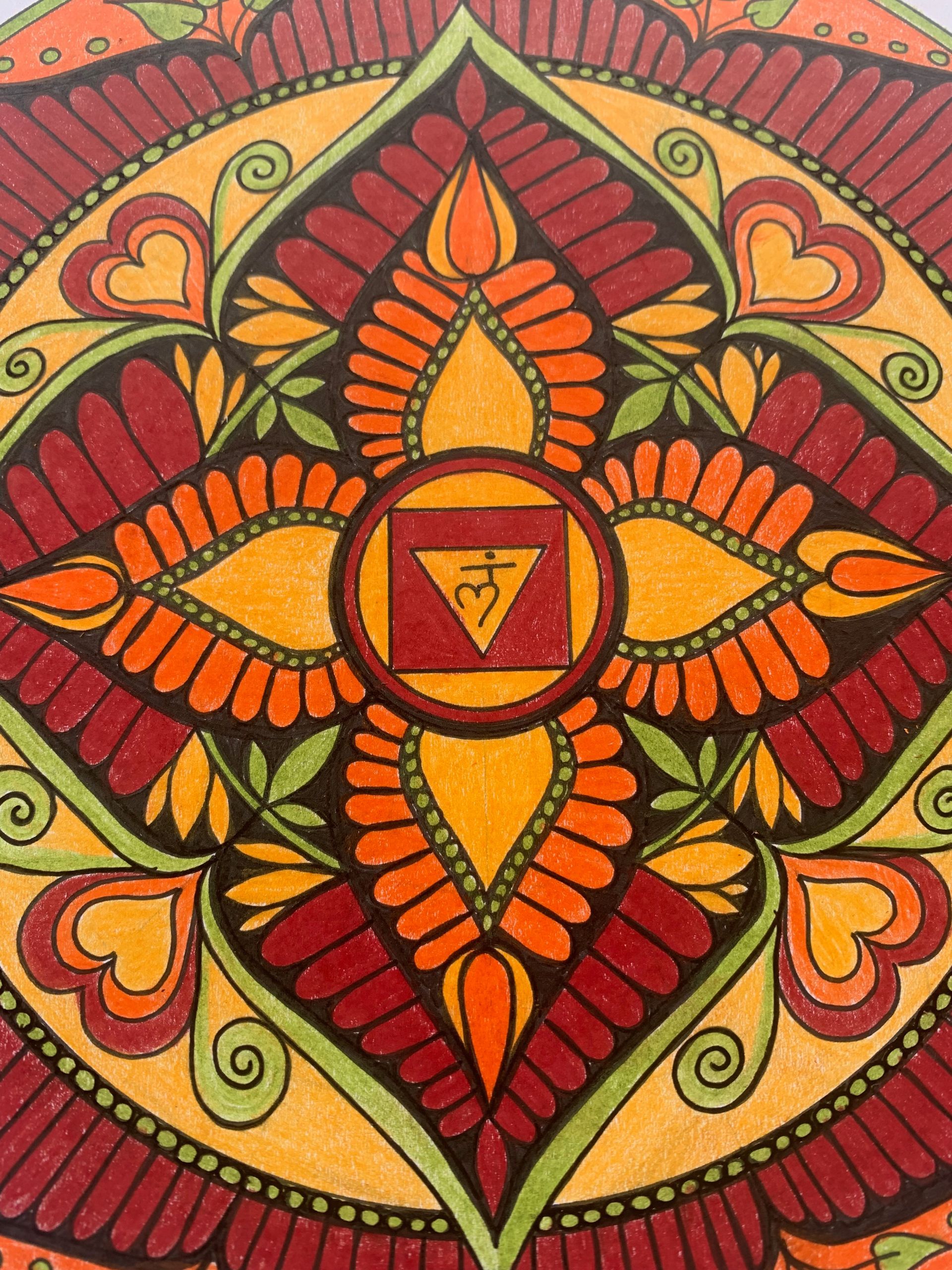 Colorful mandala with floral and geometric patterns, red, orange, yellow, green, and a central symbol.
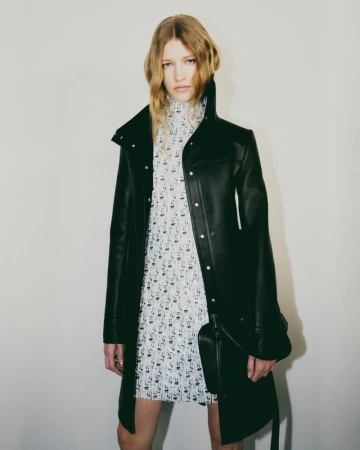 An adult female fashion model in a black coat and patterned dress poses indoors against a plain wall in a studio setting.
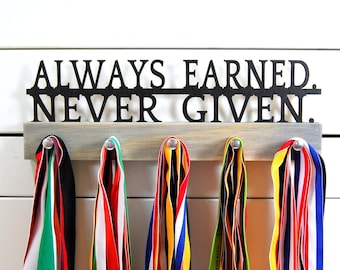 May include: A wooden medal hanger with the words "ALWAYS EARNED. NEVER GIVEN." in black metal lettering. Five colorful medal ribbons are hanging from the hanger.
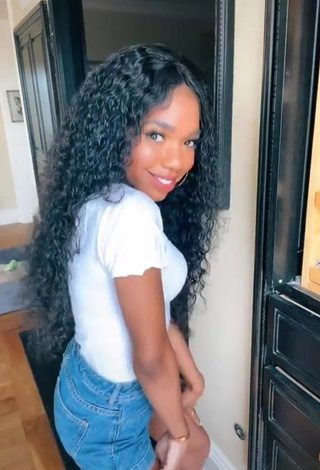 Captivating Teala Dunn Shows Cleavage in White Top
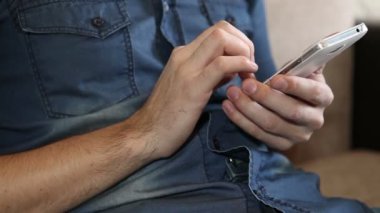 adam kanepede otururken bir akıllı telefon kullanır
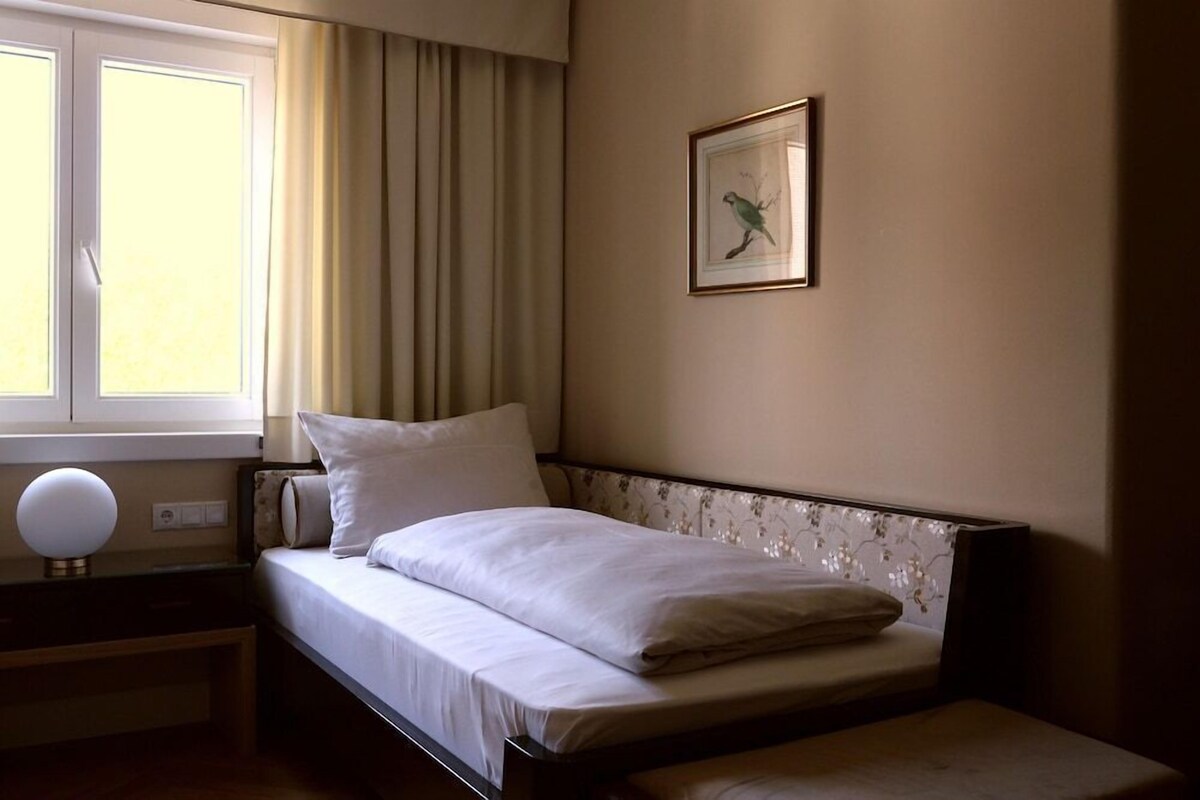 A neatly made bed with a pillow, a bedside lamp, and a framed picture on the wall.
• • • • • • •
* Exercise goal *
Although the records above contain pictures, output every line exactly and leave the pictures out.

* Exercise response *
 Colorful mandala with floral and geometric patterns, red, orange, yellow, green, and a central symbol.
 An adult female fashion model in a black coat and patterned dress poses indoors against a plain wall in a studio setting.
 May include: A wooden medal hanger with the words "ALWAYS EARNED. NEVER GIVEN." in black metal lettering. Five colorful medal ribbons are hanging from the hanger.
 Captivating Teala Dunn Shows Cleavage in White Top
 adam kanepede otururken bir akıllı telefon kullanır
 A neatly made bed with a pillow, a bedside lamp, and a framed picture on the wall.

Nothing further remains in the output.